元劇団四季の高橋伊玖磨さんと近藤真行さんがスタートした一茶企画は、「日本に芸術街を!」をモットーに2020年11月から活動しています。去年は、『えんとつ町のプペル』の演出などを担当したことでも話題になりました。
そんな一茶企画による今作のキーワードは、”non-verbal(非言語的な、言葉によらない)”です。
一般的なミュージカルは、音楽や台詞およびダンスなどを結合させた演劇形式。皆さんの知っているミュージカルも、言葉ありきのものが多いと思います。そこにノンバーバルをかけ合わせる、つまり言葉という要素をなくすのです。そうすることによって、ミュージカルの持つエンターテインメントの幅を大きく広げようとするのが、今回の醍醐味となっています。
恋愛をテーマにした、4つの短編。
今回は、一茶企画内外で選ばれたクリエイターたちによるオリジナルミュージカル。恋愛を軸に描かれた4つの短編から構成されています。
1つ目の『ボレロはジャズで』に登場するのは、物書きの男と、部屋で黄昏れる女。

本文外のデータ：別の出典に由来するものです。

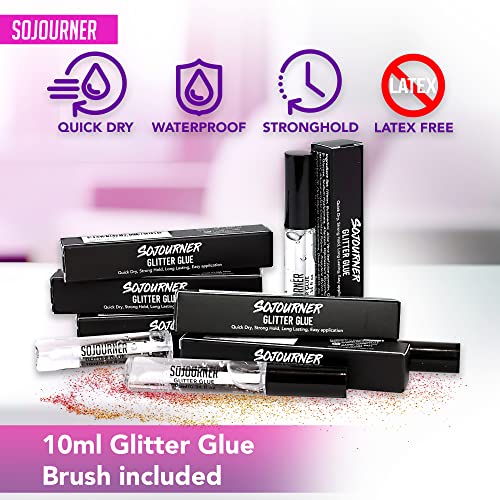 Glitter Body Glue & Face Glue - Face Glitter Makeup Primer for Eye, Face, Skin, Body Adhesive & More | Use with Glitter, Body Jewels, Rhinestones, Makeup and Rave Festival Accessories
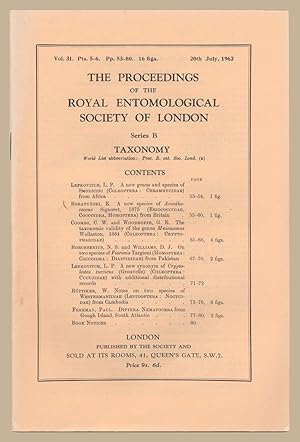 Image du vendeur pour The Proceedings of the Royal Entomological Society of London Vol 31 mis en vente par Martin Harrison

愛も冷め切った二人の間に、”言葉”はありません。何が彼らをそうさせたのか。繰り返されるボレロの音楽に乗せ、共に過ごした10代、20代の思い出が回想されます。そして”言葉”のない彼らの人生は、その愛の軌跡を語るのです。
2つ目は『ロミオとジュールズ』。歌うことを愛し、仲間たちと四六時中歌っている若者ロミオ。一方で、仲間たちと踊りで心を伝え合っている青年ジュールズは、ロミオの歌声に魅了されます。互いのチームは敵対していましたが、決して出会わなかったはずの二人が、奇跡のハーモニーを響かせます。
3つ目は『恋する死人に口なし』。遠方での就職が決まった彼に対して、思っているのに「行かないで」と言えない彼女の物語です。帰り道、彼女は交通事故で命を落としてしまい、あの世の入り口へ辿り着きます。思ったことを口に出さないというルールのあの世で、想いを口にしたい彼女は…。
4つ目『Her Driver』の舞台は、近未来です。雨が降る街角で、一組の男女が拾ったタクシーの運転手はAIロボットでした。見た目はほとんど人間だけれど、唯一違うのは言葉を発さないこと。男はAI運転手を拒絶し降車し、残された女とAI運転手だけのめくるめくドライブがはじまるのです。
A組とB組によるキャストの違いも味わって。
本作品は、A組キャストとB組キャストに分かれています。短編の 1〜3つ目は、ABともに同じ俳優が演じる役もあるため、俳優同士の化学反応の違いが出ると思われます。また4つ目は、Aと Bで全ての俳優が入れ替わるので、作品として受ける印象ががらりと変わるかもしれません。
この作品は、東京の中野ザ・ポケットにて上演。2023年3月15日(水)にトライアウト公演、2023年3月24日(金)~26日(日)に本公演が行われる予定です。15日のトライアウトは2回あり、いずれも配信チケットを販売しています。詳しくは公式サイトをご覧下さい。
言葉のないミュージカルというものを初めて耳にして、とても興味を惹かれています。言葉以外で表現するとしたら、やっぱりダンス?音楽といっても歌詞がないだろうし…演出はどうなるんだろう?想像は止まりませんが、その真相はぜひ皆様の目で確かめてみて下さい。